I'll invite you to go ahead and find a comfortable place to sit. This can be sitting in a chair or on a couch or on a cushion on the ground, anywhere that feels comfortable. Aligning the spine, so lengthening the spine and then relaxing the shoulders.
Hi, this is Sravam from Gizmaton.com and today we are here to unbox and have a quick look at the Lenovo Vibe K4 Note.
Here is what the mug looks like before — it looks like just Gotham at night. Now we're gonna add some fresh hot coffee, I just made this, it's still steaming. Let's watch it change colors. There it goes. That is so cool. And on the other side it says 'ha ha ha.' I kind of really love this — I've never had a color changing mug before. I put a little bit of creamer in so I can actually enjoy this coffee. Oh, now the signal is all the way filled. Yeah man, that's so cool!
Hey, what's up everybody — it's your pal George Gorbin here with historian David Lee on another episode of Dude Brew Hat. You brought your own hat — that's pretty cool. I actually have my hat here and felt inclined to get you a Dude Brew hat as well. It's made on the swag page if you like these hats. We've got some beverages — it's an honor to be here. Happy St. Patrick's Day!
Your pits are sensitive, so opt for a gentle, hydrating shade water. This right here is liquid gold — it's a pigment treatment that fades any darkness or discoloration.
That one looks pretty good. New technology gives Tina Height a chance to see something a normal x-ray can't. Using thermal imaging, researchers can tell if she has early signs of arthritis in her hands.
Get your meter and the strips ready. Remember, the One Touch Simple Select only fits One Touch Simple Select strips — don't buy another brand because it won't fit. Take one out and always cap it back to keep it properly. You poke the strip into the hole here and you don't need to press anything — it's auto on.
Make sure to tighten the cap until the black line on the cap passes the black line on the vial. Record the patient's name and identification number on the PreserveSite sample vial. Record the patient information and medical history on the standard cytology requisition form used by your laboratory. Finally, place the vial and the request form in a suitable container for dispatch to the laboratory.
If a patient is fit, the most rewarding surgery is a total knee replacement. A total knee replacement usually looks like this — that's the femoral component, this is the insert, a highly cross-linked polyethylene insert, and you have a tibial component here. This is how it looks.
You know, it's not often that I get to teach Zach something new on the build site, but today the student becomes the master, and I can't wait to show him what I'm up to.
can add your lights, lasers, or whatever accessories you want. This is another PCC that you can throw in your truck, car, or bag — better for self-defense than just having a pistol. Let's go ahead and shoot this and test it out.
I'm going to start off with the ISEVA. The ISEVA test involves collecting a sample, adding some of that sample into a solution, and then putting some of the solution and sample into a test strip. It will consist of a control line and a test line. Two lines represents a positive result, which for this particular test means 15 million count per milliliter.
***
| ABOUT THIS EXERCISE |
Give all of the material again, exactly.

| ANSWER FOR THE TASK |
I'll invite you to go ahead and find a comfortable place to sit. This can be sitting in a chair or on a couch or on a cushion on the ground, anywhere that feels comfortable. Aligning the spine, so lengthening the spine and then relaxing the shoulders.
Hi, this is Sravam from Gizmaton.com and today we are here to unbox and have a quick look at the Lenovo Vibe K4 Note.
Here is what the mug looks like before — it looks like just Gotham at night. Now we're gonna add some fresh hot coffee, I just made this, it's still steaming. Let's watch it change colors. There it goes. That is so cool. And on the other side it says 'ha ha ha.' I kind of really love this — I've never had a color changing mug before. I put a little bit of creamer in so I can actually enjoy this coffee. Oh, now the signal is all the way filled. Yeah man, that's so cool!
Hey, what's up everybody — it's your pal George Gorbin here with historian David Lee on another episode of Dude Brew Hat. You brought your own hat — that's pretty cool. I actually have my hat here and felt inclined to get you a Dude Brew hat as well. It's made on the swag page if you like these hats. We've got some beverages — it's an honor to be here. Happy St. Patrick's Day!
Your pits are sensitive, so opt for a gentle, hydrating shade water. This right here is liquid gold — it's a pigment treatment that fades any darkness or discoloration.
That one looks pretty good. New technology gives Tina Height a chance to see something a normal x-ray can't. Using thermal imaging, researchers can tell if she has early signs of arthritis in her hands.
Get your meter and the strips ready. Remember, the One Touch Simple Select only fits One Touch Simple Select strips — don't buy another brand because it won't fit. Take one out and always cap it back to keep it properly. You poke the strip into the hole here and you don't need to press anything — it's auto on.
Make sure to tighten the cap until the black line on the cap passes the black line on the vial. Record the patient's name and identification number on the PreserveSite sample vial. Record the patient information and medical history on the standard cytology requisition form used by your laboratory. Finally, place the vial and the request form in a suitable container for dispatch to the laboratory.
If a patient is fit, the most rewarding surgery is a total knee replacement. A total knee replacement usually looks like this — that's the femoral component, this is the insert, a highly cross-linked polyethylene insert, and you have a tibial component here. This is how it looks.
You know, it's not often that I get to teach Zach something new on the build site, but today the student becomes the master, and I can't wait to show him what I'm up to.
can add your lights, lasers, or whatever accessories you want. This is another PCC that you can throw in your truck, car, or bag — better for self-defense than just having a pistol. Let's go ahead and shoot this and test it out.
I'm going to start off with the ISEVA. The ISEVA test involves collecting a sample, adding some of that sample into a solution, and then putting some of the solution and sample into a test strip. It will consist of a control line and a test line. Two lines represents a positive result, which for this particular test means 15 million count per milliliter.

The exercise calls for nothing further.